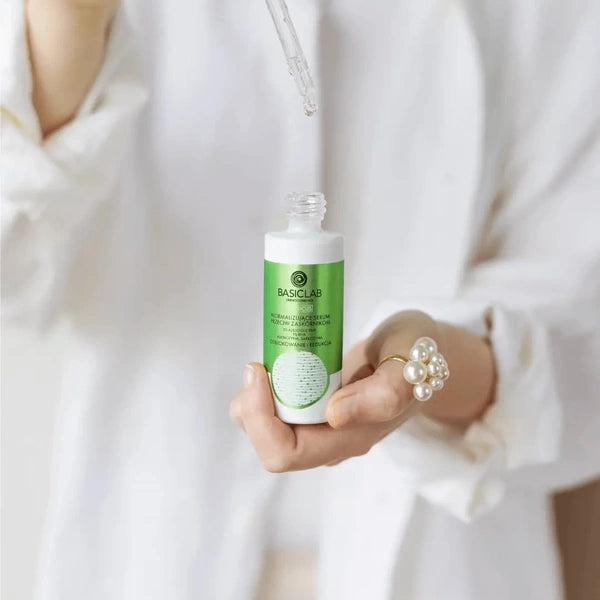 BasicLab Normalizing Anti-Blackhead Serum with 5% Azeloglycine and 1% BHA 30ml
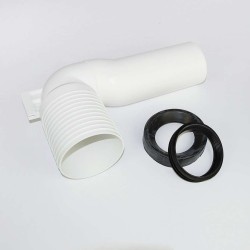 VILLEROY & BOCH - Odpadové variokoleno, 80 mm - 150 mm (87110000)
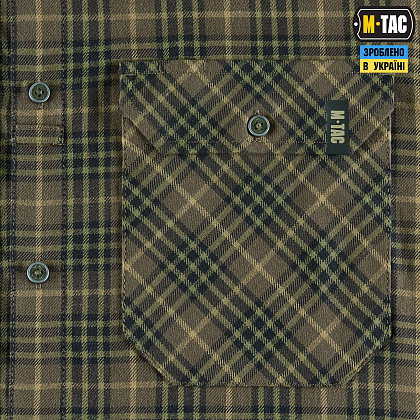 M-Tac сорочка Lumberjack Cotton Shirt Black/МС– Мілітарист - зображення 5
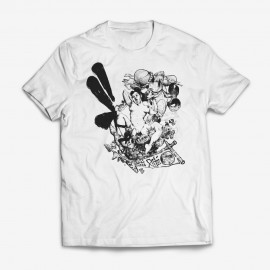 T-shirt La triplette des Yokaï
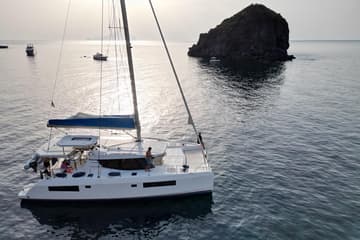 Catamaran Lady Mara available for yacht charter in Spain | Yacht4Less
▬▬▬▬▬▬
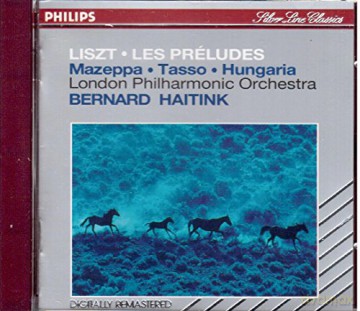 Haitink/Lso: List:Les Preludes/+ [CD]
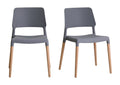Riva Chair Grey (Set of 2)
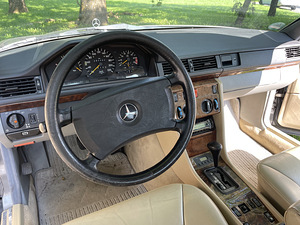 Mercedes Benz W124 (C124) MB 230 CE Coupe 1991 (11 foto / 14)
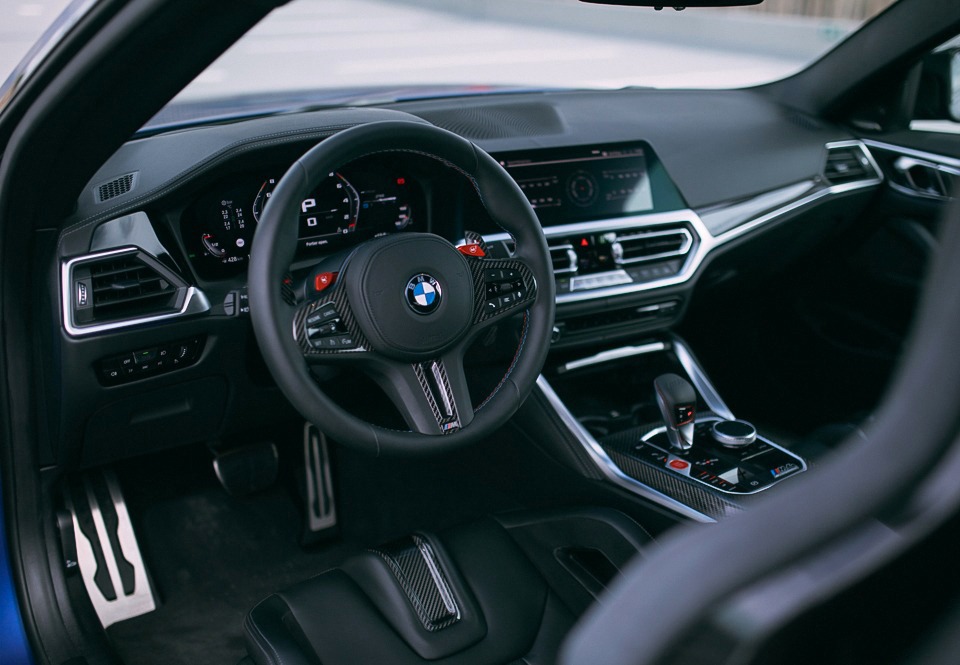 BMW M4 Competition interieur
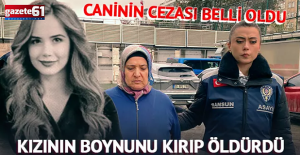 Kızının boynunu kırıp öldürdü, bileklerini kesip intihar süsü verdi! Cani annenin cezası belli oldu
▬▬▬▬▬▬
▸ **Directions for this task**
Word for word, retype the lines in the entries above that run from the one with "BMW M4 Competition interieur" through the one with "Kızının boynunu kırıp". Both ends count; pictures do not.

▸ **Result below**
 BMW M4 Competition interieur
 Kızının boynunu kırıp öldürdü, bileklerini kesip intihar süsü verdi! Cani annenin cezası belli oldu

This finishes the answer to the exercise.